Immutability and Identity, Part Two

Notice Job 3:11-16, particularly verse 16. Here the man Job is in the midst of cursing the day he was born. He is wishing that he would have been born dead. He asks why his life on earth could not have ended on the day it began. And by the time he gets to verse […]

Immutability and Identity, Part Two

Written by: Pastor Joel

Notice Job 3:11-16, particularly verse 16. Here the man Job is in the midst of cursing the day he was born. He is wishing that he would have been born dead. He asks why his life on earth could not have ended on the day it began. And by the time he gets to verse sixteen, he is wishing that he would have been as “an hidden untimely birth.” Job is requesting that there would have been a concealed, secret event that would have caused him to have been delivered at a stage of development which would have been too early for him to survive. As many rabbinic and Christian commentators have pointed out, this is likely the earliest reference to abortion in the Bible. Some translations, such as the popular Japanese version, have the word for “aborted” right in the text.
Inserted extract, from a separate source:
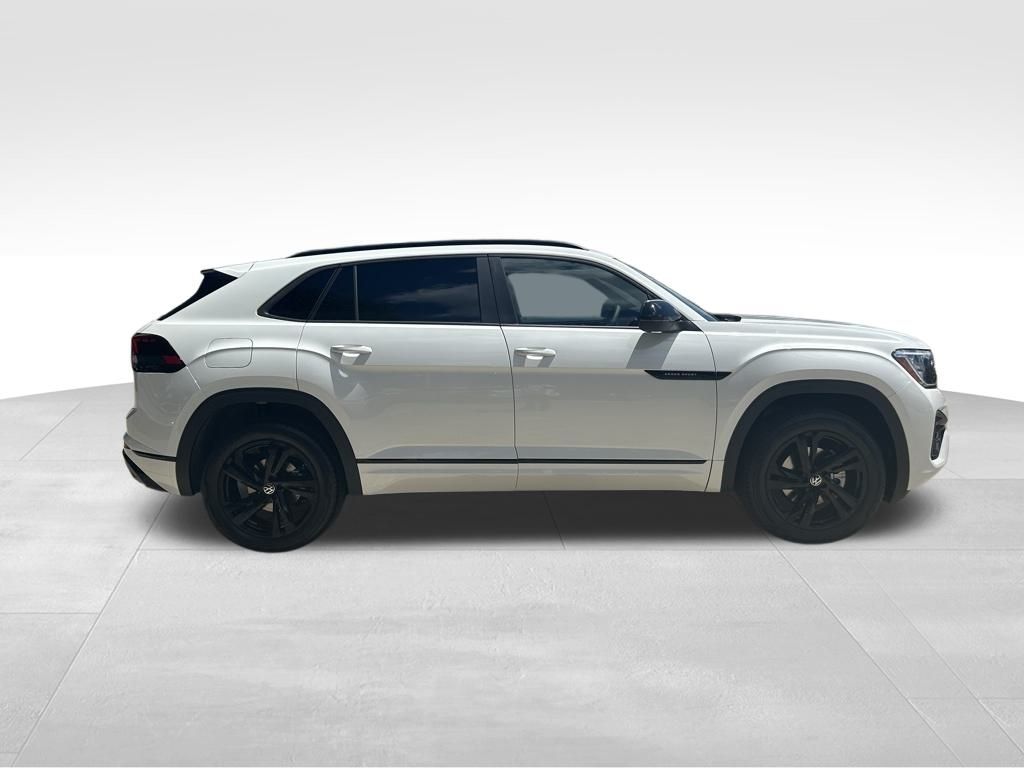 2026 Volkswagen Atlas Cross Sport SEL R-Line photo 2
Other translations handle it as “miscarriage.” And this all occurs within Job’s first discourse in the book that bears his name, where 3:1 says that Job “cursed his day.”

The day in view is obviously the day Job was born. His birthday is the object of his cursing. But is “the day” the ultimate recipient of Job’s cursing? Is the day more responsible for Job’s life than the physician or midwife who saw to his safe delivery? No. But are the physician or the midwife more responsible than the father and the mother of Job, who brought him forth as their son? No. But are Job’s father and mother the ones ultimately responsible for Job having been born? Is he only cursing his parents, because the responsibility of birth stops with them? Or is there a higher authority, who saw to it, through unique providence, that a certain child would be born on a certain day, and would live to become the man who we read of in the book of Job? And so, who ultimately is the object of Job’s cursing that we read of in the third chapter before us? Who is Job cursing?

We can trace cursing through the book of Job. In Job 1:5, Job is concerned that his sons might have cursed God. In 1:11, Satan says that if Job is touched he will curse God to His face. In 2:9, Job’s wife makes the infamous statement, “Curse God, and die.” And then we have Job cursing in 3:1.

Now a few commentators have tried to sanitize this. They have tried to make it not sound so bad. That is a difficult task. Others have come across sounding something like the prodigal son’s elder brother, implying that they would never have acted like this because they are Christians. Well, I may be entirely mistaken, but nevertheless my position is to let the text say what the text says, and just to deal with it even tough it is not pretty.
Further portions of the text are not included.